La cifra secondo cui un milione di donne, ovvero il 21% di mamme, ha subìto durante il parto una violenza ostetrica è davvero impressionante soprattutto se si pensa che viene vissuta in questo modo una delle cose più belle che possa capitare a una donna. Questi numeri possono anche spingere le donne a non ripetere gravidanze e potrebbero essere fra le cause della riduzione del numero delle nascite in Italia.Se si commenta l’indagine dalla parte del medico bisogna sottolineare che la professione medica è costituita da almeno tre componenti: una scientifica, una socio-culturale e una relazionale. Poiché la società è in continua evoluzione è ovvio che anche il medico deve accettare questo cambiamento e, soprattutto, è importante che il medico riacquisisca la sua capacità relazionale col paziente. Secondo Romani “uno degli aspetti che ostacola una sana relazione tra il medico e il paziente è rappresentato dalla paura: il paziente ha timore di non essere curato bene i medici di essere denunciati. Quindi si crea un sistema di sfiducia e di sospetto all’interno del sistema di cura che viene acuito e diventa più importante laddove ci troviamo di fronte a una donna che deve partorire e a un medico che deve assisterla.
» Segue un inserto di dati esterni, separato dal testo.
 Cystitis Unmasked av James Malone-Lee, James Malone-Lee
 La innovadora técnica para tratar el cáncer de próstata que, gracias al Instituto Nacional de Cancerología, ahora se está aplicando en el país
Un rapporto basato sulla condivisione e sulla fiducia – conclude – non è facilitato dalla paura ed è proprio su questo che bisogna lavorare”.

Lo dichiara il senatore Idv e vicepresidente della Commissione Sanità, Maurizio Romani, commentando i dati della ricerca Doxa nata su iniziativa dell’Osservatorio sulla Violenza ostetrica in Italia e finanziata dalle associazioni La Goccia Magica e CiaoLapo Onlus.